# Iraq, UN reject Kurdish independence



## Bleipriester (Sep 18, 2017)

This might result in another war but we know the fragmentation of Iraq is Israel´s order executed by the US. The same applies for Syria.

Iraqi Vice President says Iraq will not accept 'another Israel'
UN rejects Kurdish independence referendum


----------



## anotherlife (Sep 25, 2017)

Bleipriester said:


> This might result in another war but we know the fragmentation of Iraq is Israel´s order executed by the US. The same applies for Syria.
> 
> Iraqi Vice President says Iraq will not accept 'another Israel'
> UN rejects Kurdish independence referendum



This fragments Iran and turkey too, because that's where the other half of the Kurdish language region is, in nationalistic terms.


----------



## Bleipriester (Sep 26, 2017)

anotherlife said:


> Bleipriester said:
> 
> 
> > This might result in another war but we know the fragmentation of Iraq is Israel´s order executed by the US. The same applies for Syria.
> ...


Will they hold a referendum there, too, or only in weakened Iraq?


----------



## waltky (Sep 26, 2017)

Kurdistan votes to become a nation...





*Kurdistan starts voting in controversial independence referendum*
_Sept. 25, 2017  -- Residents of Iraq's Kurdistan region started voting Monday in a historic and controversial referendum on independence._


> A majority is expected to vote in favor of independence -- to break away from Iraqi rule -- but opponents to the vote say the move could lead to regional destabilization and ethnic violence.  More than 3 million people are expected to vote in Monday's non-binding referendum.  Several nations, including the United States, has voiced opposition to the independence vote. Turkey and Iraq have even threatened unspecified "coordinated measures" if the referendum was even held.
> 
> 
> 
> ...


----------



## Bleipriester (Sep 26, 2017)

Erdogan: “Israeli flags won’t save you!”

Erdogan threatens with severe sanctions:

_“[They] will be left in the lurch when we start imposing our sanctions (…) “It will be over when we close the oil taps, all [their] revenues will vanish, and they will not be able to find food when our trucks stop going to northern Iraq.”_, Erdogan stated."

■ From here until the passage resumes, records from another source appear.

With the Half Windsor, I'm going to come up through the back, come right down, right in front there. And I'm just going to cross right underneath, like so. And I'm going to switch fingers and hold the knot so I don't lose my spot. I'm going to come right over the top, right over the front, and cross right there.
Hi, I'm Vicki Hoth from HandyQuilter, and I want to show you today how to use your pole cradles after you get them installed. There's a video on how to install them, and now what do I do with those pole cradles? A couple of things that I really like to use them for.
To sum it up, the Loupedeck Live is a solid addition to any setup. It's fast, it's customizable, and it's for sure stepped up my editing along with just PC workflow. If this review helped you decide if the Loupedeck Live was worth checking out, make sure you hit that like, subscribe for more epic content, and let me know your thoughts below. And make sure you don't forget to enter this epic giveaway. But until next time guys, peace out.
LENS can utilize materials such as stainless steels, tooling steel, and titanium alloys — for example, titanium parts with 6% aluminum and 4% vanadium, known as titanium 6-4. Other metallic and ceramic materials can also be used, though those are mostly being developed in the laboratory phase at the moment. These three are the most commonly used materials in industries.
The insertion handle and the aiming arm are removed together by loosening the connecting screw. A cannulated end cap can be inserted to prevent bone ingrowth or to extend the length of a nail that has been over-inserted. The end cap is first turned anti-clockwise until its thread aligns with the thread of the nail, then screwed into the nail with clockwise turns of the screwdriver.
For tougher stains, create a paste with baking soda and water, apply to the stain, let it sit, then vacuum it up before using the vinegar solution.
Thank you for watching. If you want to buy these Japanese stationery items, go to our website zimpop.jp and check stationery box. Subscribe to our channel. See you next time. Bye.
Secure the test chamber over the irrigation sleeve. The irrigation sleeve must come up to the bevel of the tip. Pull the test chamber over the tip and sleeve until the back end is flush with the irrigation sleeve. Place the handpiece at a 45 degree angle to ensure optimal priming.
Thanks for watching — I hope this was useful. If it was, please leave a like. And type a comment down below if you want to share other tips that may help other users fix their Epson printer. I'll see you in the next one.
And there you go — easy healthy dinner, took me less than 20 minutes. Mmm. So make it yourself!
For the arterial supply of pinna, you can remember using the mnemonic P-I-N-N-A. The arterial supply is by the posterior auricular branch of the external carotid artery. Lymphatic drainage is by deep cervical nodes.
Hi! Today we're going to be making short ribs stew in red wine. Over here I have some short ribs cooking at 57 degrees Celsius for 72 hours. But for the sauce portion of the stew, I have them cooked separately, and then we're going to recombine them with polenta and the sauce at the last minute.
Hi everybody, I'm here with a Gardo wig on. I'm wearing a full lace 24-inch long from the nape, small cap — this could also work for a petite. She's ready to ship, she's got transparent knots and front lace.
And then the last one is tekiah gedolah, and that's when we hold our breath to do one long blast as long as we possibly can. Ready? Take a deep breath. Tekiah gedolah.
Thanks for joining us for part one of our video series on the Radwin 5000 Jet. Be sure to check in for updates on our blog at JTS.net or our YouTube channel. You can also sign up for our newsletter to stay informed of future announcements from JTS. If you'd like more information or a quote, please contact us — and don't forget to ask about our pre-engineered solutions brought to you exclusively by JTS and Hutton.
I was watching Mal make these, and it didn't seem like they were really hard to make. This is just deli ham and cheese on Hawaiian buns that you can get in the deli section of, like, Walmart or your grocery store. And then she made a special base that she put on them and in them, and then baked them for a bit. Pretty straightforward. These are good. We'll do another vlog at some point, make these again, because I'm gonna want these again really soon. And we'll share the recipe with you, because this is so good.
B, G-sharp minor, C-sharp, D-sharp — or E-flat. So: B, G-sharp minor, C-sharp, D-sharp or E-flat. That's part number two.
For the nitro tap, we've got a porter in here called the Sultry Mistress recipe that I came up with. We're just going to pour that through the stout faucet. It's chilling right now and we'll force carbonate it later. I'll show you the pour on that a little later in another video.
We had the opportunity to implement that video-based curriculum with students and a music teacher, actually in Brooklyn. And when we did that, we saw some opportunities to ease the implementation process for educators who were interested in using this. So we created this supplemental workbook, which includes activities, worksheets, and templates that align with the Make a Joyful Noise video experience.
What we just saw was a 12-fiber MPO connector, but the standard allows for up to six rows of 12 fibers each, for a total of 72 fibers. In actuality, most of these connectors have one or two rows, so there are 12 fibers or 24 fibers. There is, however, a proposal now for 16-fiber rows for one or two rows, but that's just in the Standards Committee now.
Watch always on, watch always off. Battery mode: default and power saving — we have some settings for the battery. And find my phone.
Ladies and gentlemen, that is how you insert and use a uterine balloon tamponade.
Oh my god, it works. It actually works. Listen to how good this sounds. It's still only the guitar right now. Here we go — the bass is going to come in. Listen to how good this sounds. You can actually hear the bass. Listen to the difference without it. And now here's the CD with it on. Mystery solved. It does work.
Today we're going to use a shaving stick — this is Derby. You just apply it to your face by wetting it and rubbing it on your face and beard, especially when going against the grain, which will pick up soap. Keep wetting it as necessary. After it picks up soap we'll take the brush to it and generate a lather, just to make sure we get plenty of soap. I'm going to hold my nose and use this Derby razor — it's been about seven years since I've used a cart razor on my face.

The Kurds, however, said their referendum will have no actual consequences and the issue will be resolved peacefully.

"Despite this, the Iraqi national government has stated that it would not accept any results of the referendum whatsoever, as it is in violation of the Iraqi constitution and therefore illegal, according to Iraqi Prime Minister Haider al-Abadi. Baghdad is supported by Turkey, Iran and Syria in this statement, with Turkey already hosting joint military exercises with the Iraqi armed forces near the KRG border."

"Israeli flags won't save you!": Erdogan to Iraqi Kurdish separatists


----------



## Moonglow (Sep 26, 2017)

And Trump will not help the Kurds as have past presidents..


----------



## Bleipriester (Sep 26, 2017)

Moonglow said:


> And Trump will not help the Kurds as have past presidents..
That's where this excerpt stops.